ROC (2000 w-based op.points, 9 measures), curop: 318
est: 1:err(a)=0.12, 2:err(b)=0.04, 3:err(c)=0.02, 4:err(d)=0.42, 5:err(e)=0.02, 6:err(f)=0.00, 7:err(g)=0.03, 8:err(h)=0.03, 9:mean-error [0.12,0.12,...]=0.08
>> sdscatter(ts,p*r,'roc',r) % visualize the scatter and ROC plot

Note that you can switch between class errors shown the the ROC plot using the cursor keys (left/right for horizontal and up/down for vertical axis).
9.4. ROC Analysis using target thresholding (detection) ↩
In this section, we illustrate how to build ROC in target detection setting. This is achieved by thresholding the output of a model trained on a single (target) class.
Let us, for example, consider the problem where we want to detect all fruit in our fruit data set which contains apple and banana fruit examples and some stone (outlier) examples.
>> a=gendatf(1000)
'Fruit set' 1000 by 2 sddata, 3 classes: 'apple'(333) 'banana'(333) 'stone'(334)
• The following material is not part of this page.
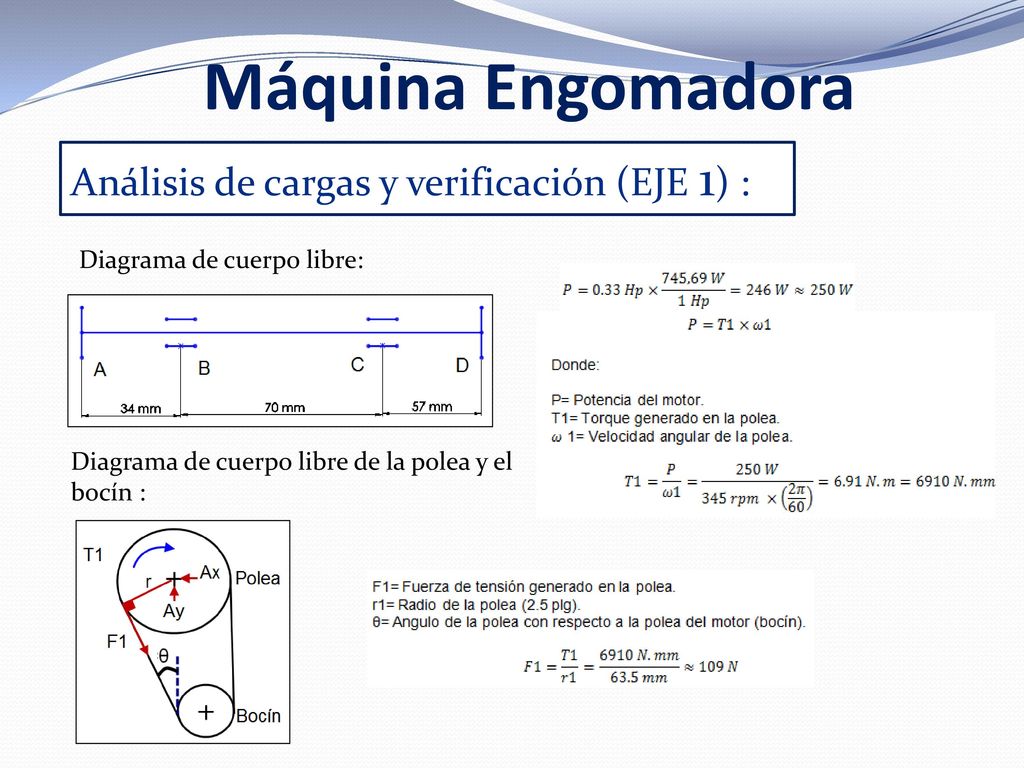 Máquina Engomadora Análisis de cargas y verificación (EJE 1) :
We will first create a two-class data set labeling all non-stone classes as fruit.
>> b=sdrelab(a,{'~stone','fruit'})
new lablist:
1: apple -> fruit
2: banana -> fruit
3: stone -> stone
'Fruit set', 1000 by 2 sddata, 2 classes: 'stone'(334) 'fruit'(666)
>> [tr,ts]=randsubset(b,0.5) % split the data into training and validation
'Fruit set', 500 by 2 sddata, 2 classes: 'stone'(333) 'fruit' (167)
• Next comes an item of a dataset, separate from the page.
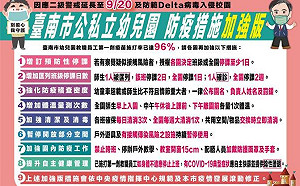 台南市幼兒園防疫措施加強版出爐！一人確診全園停課兩週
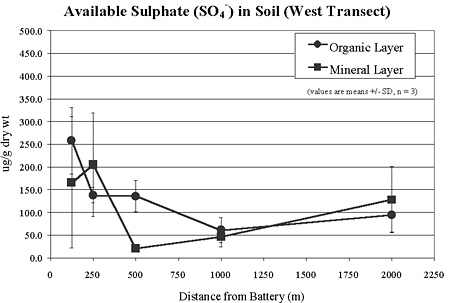 Available Sulphate in Soil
'Fruit set', 500 by 2 sddata, 2 classes: 'stone'(333) 'fruit' (167)
We will train a mixture model on the fruit class only:
>> p=sdmixture(subset(tr,'fruit'),'comp',10,'iter',30)
[class 'fruit' EM:.............................. 10 comp]
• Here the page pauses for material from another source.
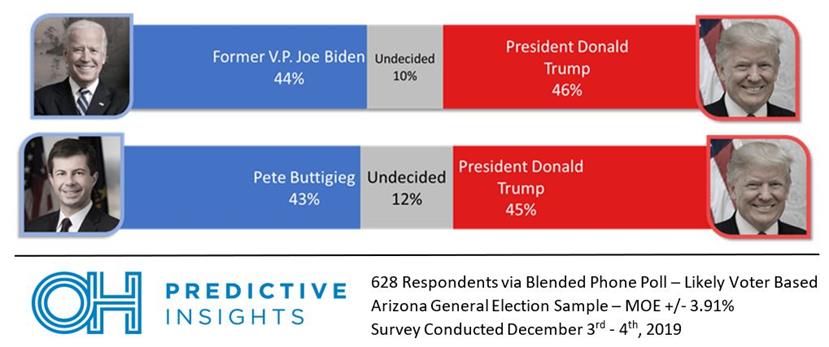 POLL: Biden, Buttigieg Statistically Tied with Trump in Arizona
Mixture of Gaussians pipeline 2x1 one class, 10 components (sdp_normal)
We will estimate soft outputs on our test set:
>> out=ts*p
'Fruit set' 500 by 1 sddata, 2 classes: 'stone'(167) 'fruit'(333)
The out data contains one column representing the fruit class and
contains labels of two classes (we need non-target examples to perform
ROC):
>> out.featlab.list
sdlist (1 entries)
ind name
1 fruit
>> out.lab.list
sdlist (2 entries)
ind name
1 stone
2 fruit
The ROC analysis is straightforward:
>> r=sdroc(out)
1: stone -> non-fruit
2: fruit -> fruit
ROC (500 thr-based op.points, 3 measures), curop: 170
est: 1:err(fruit)=0.10, 2:err(non-fruit)=0.16, 3:mean-error=0.13
We visualize the detector decisions plotting the data a with all three
classes:
>> sdscatter(a,p*r,'roc',r)

By thresholding the fruit model output, we effectively reject outliers.
9.5. Selecting application-specific operating point ↩
In our projects, we usually need to fix the operating point based on specific performance requirements. Two most common techniques are:
9.5.1. Applying performance constraints ↩
Sometimes, we know specific constraints for our problem. For example, the maximum error on fruit may not exceed 10%.
We may apply performance constraints using the constrain method.
It takes existing ROC object, specification of a performance measure (by
its index or by name) and the constrain value.
Let us, for example, select subset of operating points with error on frui lower than 20%:
>> r2=constrain(r,'err(fruit)',0.2)
ROC (216 thr-based op.points, 3 measures), curop: 170
est: 1:err(fruit)=0.10, 2:err(non-fruit)=0.16, 3:mean-error=0.13
This results in a subset of 216 operating points from the original 500. In
this subset, the constrain method sets the current operarating
point minimizing the mean error over classes.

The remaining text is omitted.